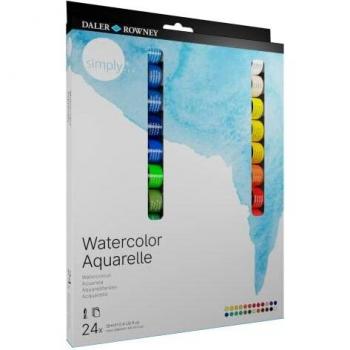 Daler Rowney Simply Pack de 24 Acuarelas 12ml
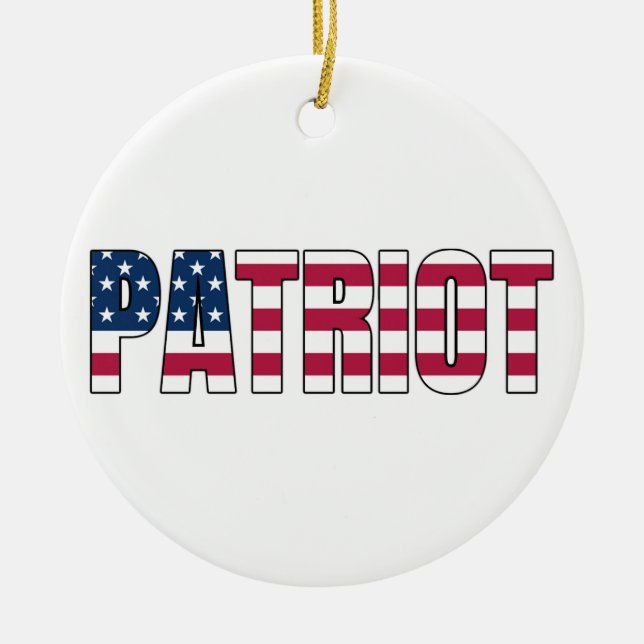 Patriot Flag Keramik Ornament (Vorne)
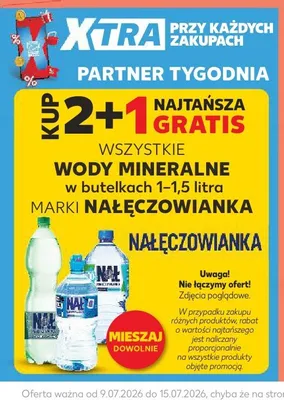 Woda mineralna delikatnie gazowana Nałęczowianka promocja w Kaufland
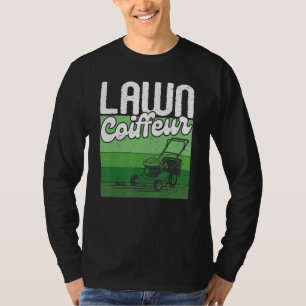 Rasen-Coiffeur Rasenmäher Gras schneidender Vater T-Shirt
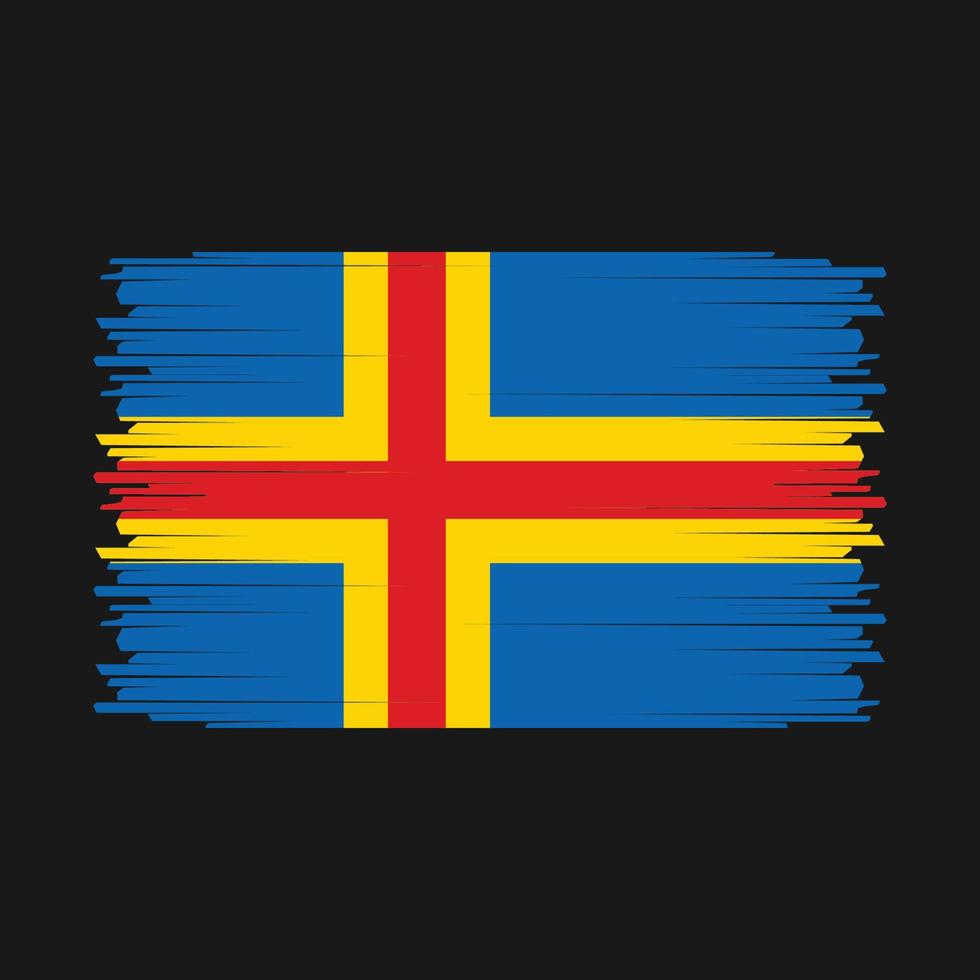 åland öarna flagga vektor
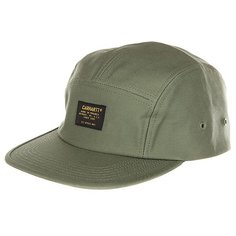 Бейсболка пятипанелька Carhartt Wip Military Cap Dollar Green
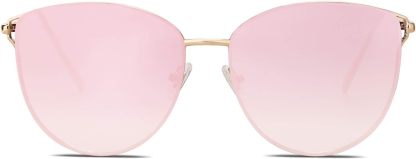 SOthtJOS Mirrored Flat Lens Fashion Sunglasses for Women SJ1085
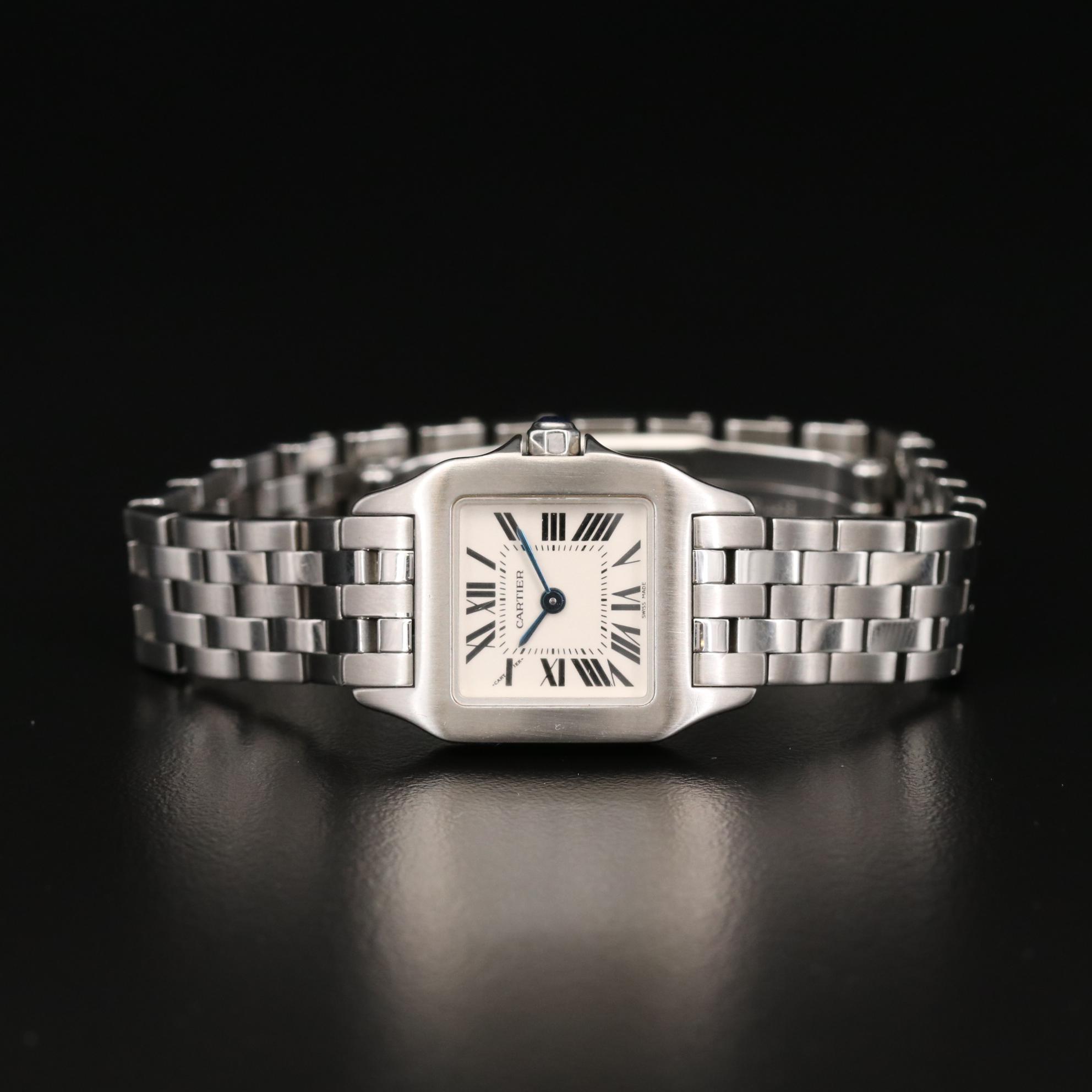 Cartier Santos Demoisello Stainless Steel Quartz Watch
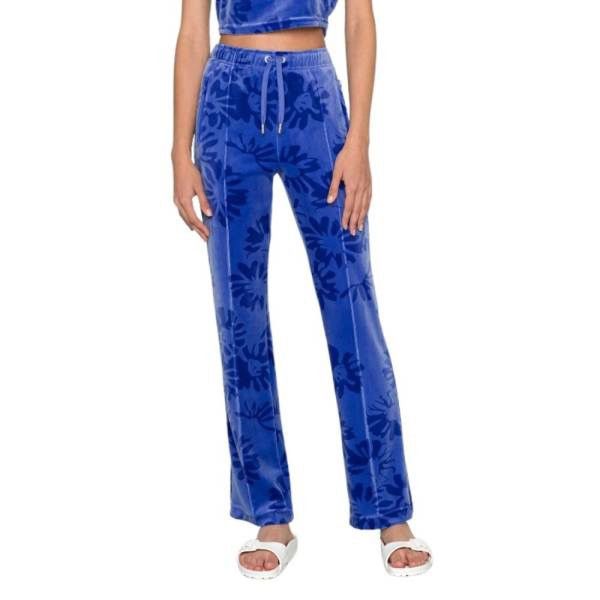Juicy Couture Juicy Couture Tina Daisy Flowers Velour Track Pants Size XL Size 38" / US 16 / IT 52 - 4 Thumbnail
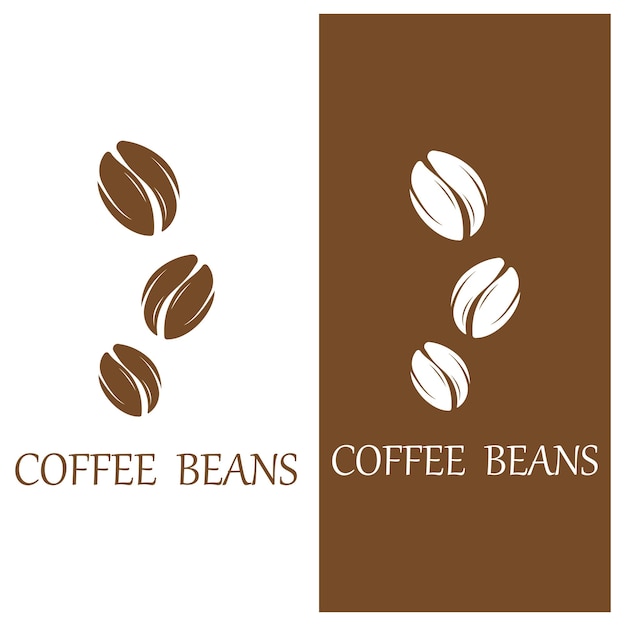 Coffee bean icon vector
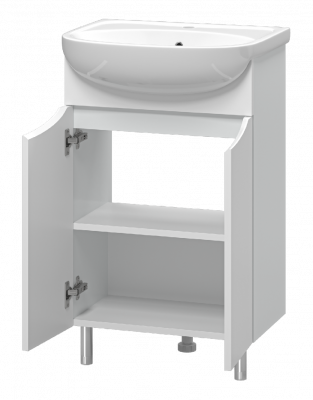 Тумба Смайл 50 с раковиной Керамин Рива 50 Misty фото в интернет-магазине Русалия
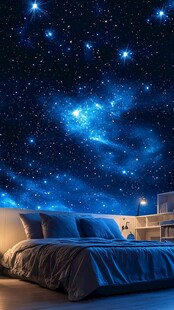 银河之夜的梦幻卧室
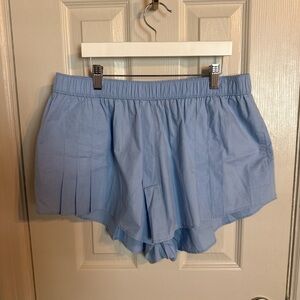 Anthropologie Light Blue Women's Pleated Sleep Shorts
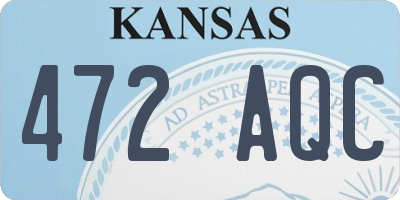 KS license plate 472AQC
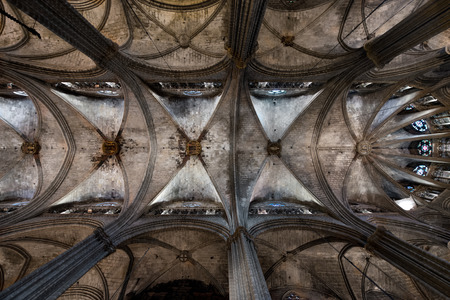 Roof cathedral of barcelona detailのeditorial素材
■ ■ ■ ■
## WHAT NEEDS TO BE DONE
Your copy should hold exactly and only the lines from the one containing "Coffee bean icon vector" through the end of the material, inclusive, repeated word for word and without pictures.

## TASK SOLUTION
 Coffee bean icon vector
 Тумба Смайл 50 с раковиной Керамин Рива 50 Misty фото в интернет-магазине Русалия
 银河之夜的梦幻卧室
 Anthropologie Light Blue Women's Pleated Sleep Shorts
 KS license plate 472AQC
 Roof cathedral of barcelona detailのeditorial素材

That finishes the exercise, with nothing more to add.